The family’s knackered Ford costs more in repairs than it’s worth, the children need braces, the roof is leaking – above all, the huge overdraft needs paying off to keep bailiffs at bay.
The only way to thwart bankruptcy is to remortgage the house, and thank God for the house price bubble. Mr Smith goes to his bank and, what do you know, comes back with £90,000 in freshly minted electronic transfers.
The Smith’s income has thereby tripled, and that’s 10 times the growth rate of which the Chancellor is so proud. All problems solved then?
The question is rhetorical. Everyone knows they haven’t been solved. They’ve only been deferred. Before long ruinous interest payments will come in and, unless the Smiths increase their income the old-fashioned way, by earning more, they’ll go to the wall.
Yet that’ll happen tomorrow. Tonight Mr Smith goes down the pub and brags to his mates that his income has tripled this year. His friends, not being the envious sorts, are happy for him, especially since he buys the first round.
None of them asks Mr Smith to what he owes such an upsurge in fortunes. Such questions would be indiscreet and decidedly un-English. Happiness all around – until that time, soon, when Mr Smith won’t be able to afford going down the pub.
Sorry for such a lowbrow analogy, but our real chancellor has done exactly what my fictitious Mr Smith is supposed to have done. He glossed over the fact that, under his stewardship, our deficit spending has almost doubled compared to the profligate Labour government’s.
At the same tempo of borrowing, our public debt will hit £2 trillion in two years, three at most. And the only way to prevent this is neither to cut spending nor to hike taxes.
It’s to change drastically the whole approach to the economy in particular and political life in general.

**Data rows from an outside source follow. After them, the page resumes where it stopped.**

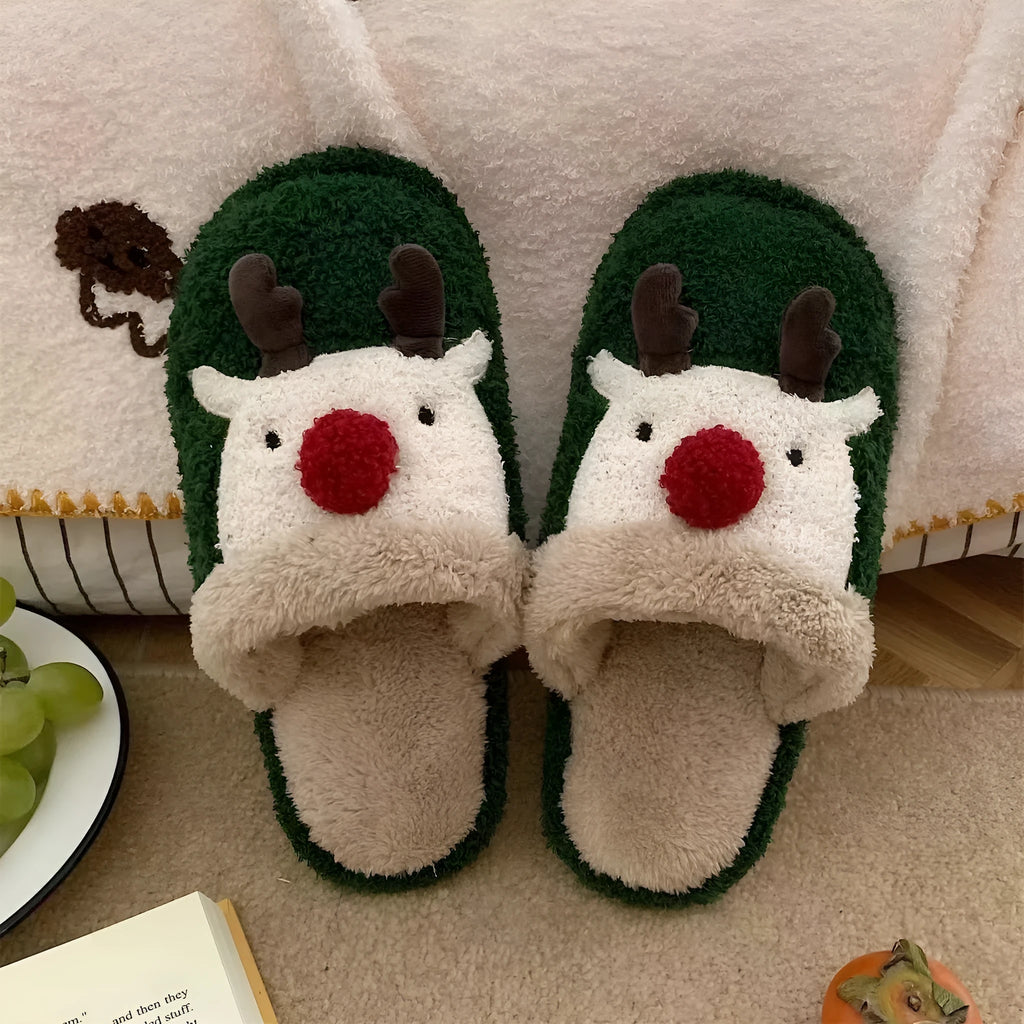 Women's green plush Christmas elk slippers with non-slip PVC sole, shown on a white background.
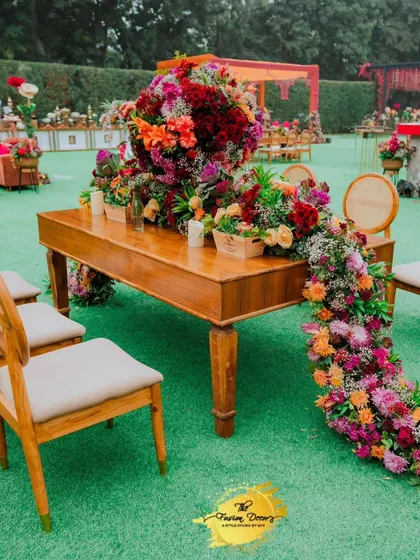 I love creating statement floral runners that cascade dramatically off the table. This piece brings so much life and colour to the outdoor dining setup.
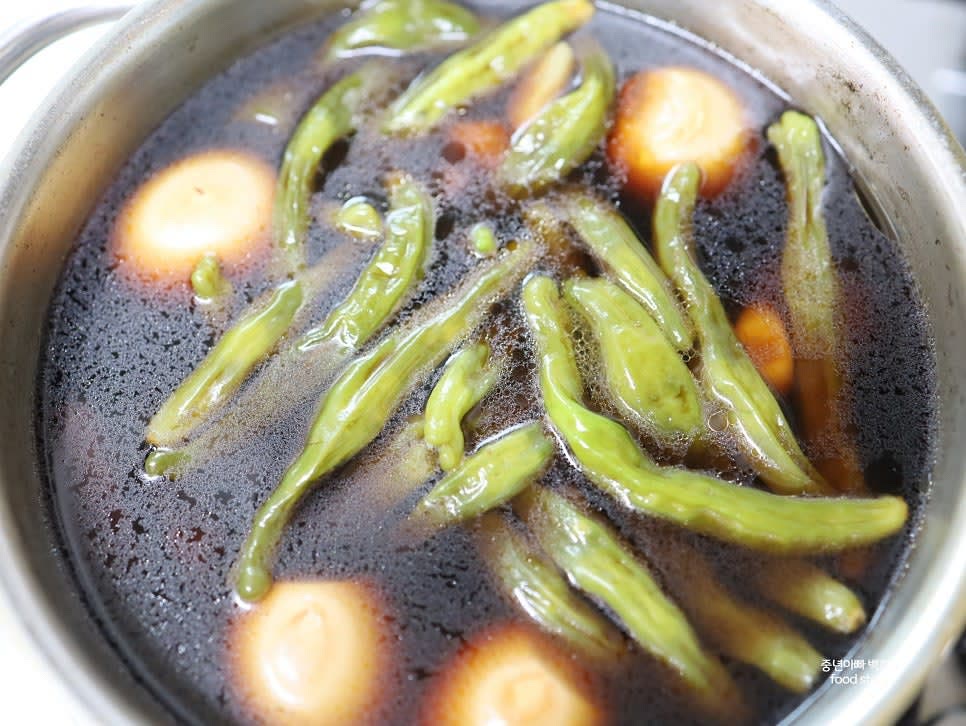 삶은 달걀 12알과 가운데 포크로 구멍을 낸 꽈리고추 20개를 넣어 센 불에서 한 번 팔팔 끓입니다.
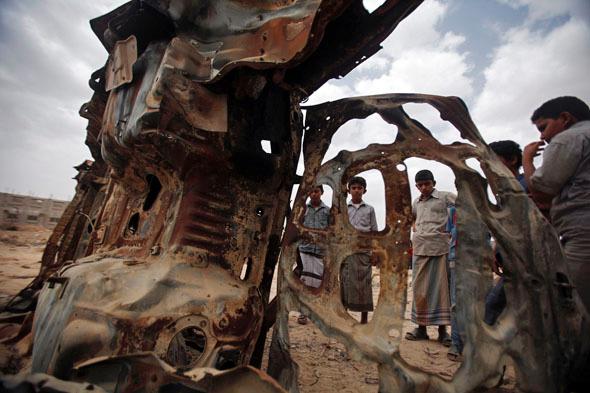 Boys gather near the wreckage of car destroyed last year by a U.S. drone air strike targeting suspected al Qaeda militants in Azan of the southeastern Yemeni province of Shabwa February 3, 2013.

As I argued yesterday, higher taxes will serve a most satisfying punitive purpose but no other. What happens when a government tries to plug budget holes by extorting more tax is that the tax base shrinks.
People either flee to greener pastures elsewhere or devote their creative energy to earning a crust off the books. As a result, while the ‘rich’ are squeezed till their pips squeak, to borrow a Labour phrase, the public purse doesn’t get any fatter.
When I talk about the futility of cutting spending, I only mean cosmetic cuts, little nicks designed not to solve the problem but to appeal to conservative voters.
George ticked that box by promising to reduce public spending by a staggering £5 billion.
To you, me and the Smiths this sounds like an awful lot of money. But to a nation planning to spend £731.4 billion next year, it’s worse than nothing – it’s a purely cosmetic nick constituting not sound economics but boldfaced deceit.
The budget deficit, and hence the national debt, will continue to grow until the bailiffs knock on the door to repossess the family silver and the I-Pad.
Even those who criticise George for this subterfuge, implicitly accept his way of thinking, for in our thoroughly corrupted polity there is no other.
They describe as wasteful this or that infrastructure scheme, such as the planned construction of a North-South high-speed railway or – I’m not kidding – the current effort to reinforce motorways’ central reservations.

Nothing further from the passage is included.